Picture 3 of You can learn to possess super-powerful memory: remember 500 words in 5 minutes

Athletes in a memory contest.

In the second phase, the researchers recruited 51 people who had never participated in any form of memory training. Then, they divided the group into one group participating in the experiment and two control groups.

The trial team participated in 6 weeks of intensive memory training, with about 30 minutes a day of roadmap strategy training (Loci- a basic memory method, available hundreds of years ago but still used by the home memory champion). Specifically, they learned how to combine new information, such as numbers or names, with familiar furniture in their own room.

Control group 1 was involved in memory training with the n-back method, a method that does not use for long-term memory. And the control group 2 didn't receive any training.

After the training process, the researchers found that the experimental group significantly improved memory. While both control groups had no progress. Even so, none of the 51 people had a physical change in the brain structure.

Only thing, the training team with the method of Loci demonstrated brain connection patterns similar to those of professional memory athletes.

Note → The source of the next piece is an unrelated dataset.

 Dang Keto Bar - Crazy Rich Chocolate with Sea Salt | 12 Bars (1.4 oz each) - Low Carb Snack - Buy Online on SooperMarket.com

This is noted on the magnetic resonance image in the resting state and using their memory.

" I think the interesting part is that you can not only improve your memory, according to the memory champions often use , " Dresler said. "But at the brain level, you will also observe the level of reflection of the effectiveness of the practice." You can track the process of transforming from a "goldfish" brain into the brain of memory champions.

Picture 4 of You can learn to possess super-powerful memory: remember 500 words in 5 minutes

By practice, a "goldfish" brain becomes the brain of memory champions.

James McGaugh, a neurobiologist at the University of California, said Dresler and colleagues' research is similar to what is found in London's taxi drivers.

However, there is an important difference: Instead of identifying a specific area of ​​the brain, the study finds an overall change in brain connections."All of our brains are very flexible at all times, and this is evidence to show that," he said. "If you learn something new and you learn well, your brain will change."

Craig Stark, a colleague of James at the University of California, agrees that research continues to prove: For humans, there is never a stop for learning."Research shows that learning something new changes your brain, and how you perceive, handle everything around. This will change the way you look at the world , " Stark said.